1.1 – 1984
Father’s body was paralyzed on the left side. His face sagged. A tube snaked from his mouth. Saliva slid over his slack lips and down his chin, onto his neck. The stroke had rendered him helpless, he was strapped to his bed, yet I expected him at any moment to bolt up in a rage to seek revenge on the nurses who supervised his detention. I imagined that they, who wiped the spittle from his face, changed his bags and measured his bodily fluids, turned and bathed him, kept him alive, would experience his wrath if they were tending to him when he awoke.
His body jerked violently before it settled down to its unceasing shaking. I felt a tinge of pity for him, but little else except guilt for not feeling something more appropriate.
I pondered the long evening ahead.
“Maybe some music will help us make it through the night,” I said.
I looked at Dad, half expecting a response. Getting none, I plugged in my tape player and moved close to his bed.
“We’re listening to Mozart’s Requiem in D Minor. He had a commission to write the piece, you know, but told his wife that it would be played at his own funeral. He was, unfortunately, right. It was the last thing he wrote.”

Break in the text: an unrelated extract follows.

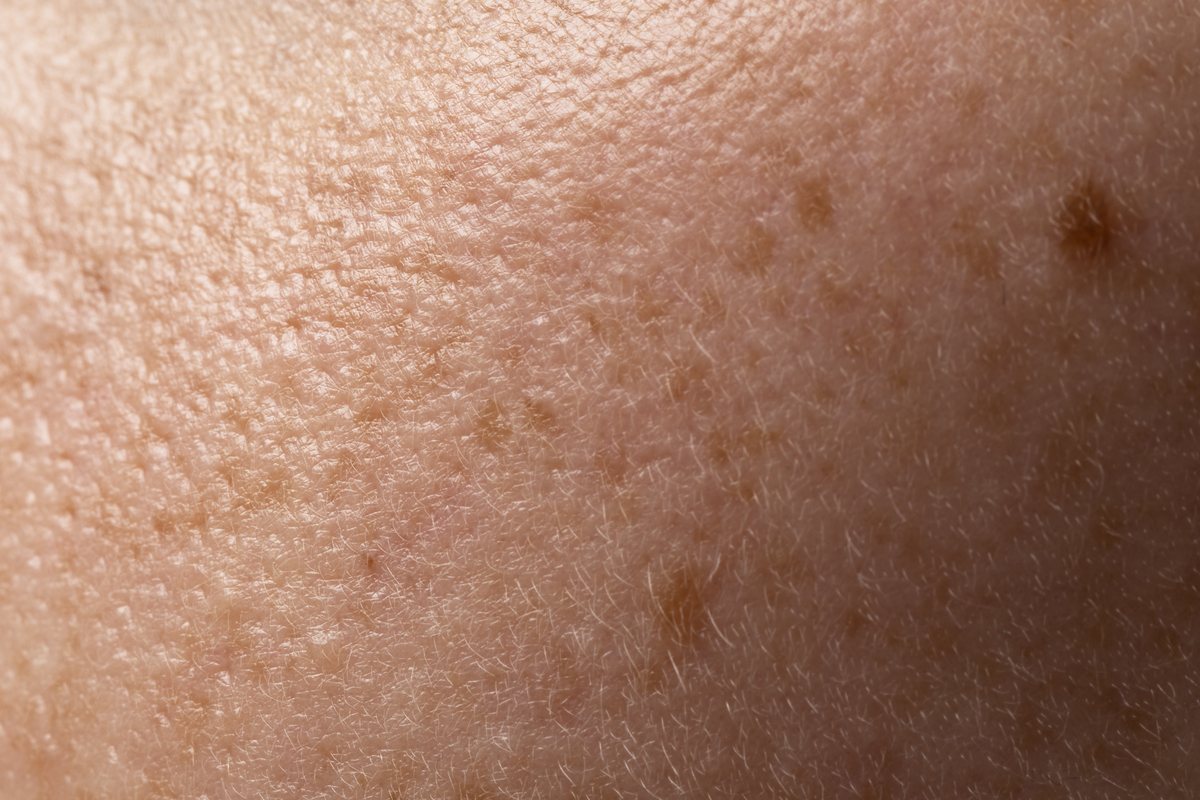 Skin cancer check: a close-up of freckled skin showing moles and sun spots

I took a wicked delight in talking to my father this way, knew he would rather die right now than listen to anything by Mozart. I turned up the volume as much as is prudent in intensive care, closed my eyes and spoke over the music.
“Be sure to listen for the trombone solo in the Third Movement. It’s called the Tuba Mirum.” I played the Requiem throughout the night. Very late, with the chorus soaring, I dozed off.
I was awakened by a cacophony of loud beeps, alarms and footsteps as nurses rushed into the room. In a flurry of activity, they checked Dad’s blood pressure and pulse, put a light to his eyes. They called for a doctor who repeated everything they had just done. Finally, the doctor shook his head, indicating the battle was over.
He pulled the sheet over my dad’s face. “I’m sorry. We did all we could. We’ll leave you two alone now.”
The room was silent. Dad was still. I felt nothing. Tentatively, I slid my chair to his bedside and pulled the sheet from his face. His eyes, open, revealed not a trace of the smirk or disdain that I expected. He seemed peaceful, his face untainted by anger or remorse.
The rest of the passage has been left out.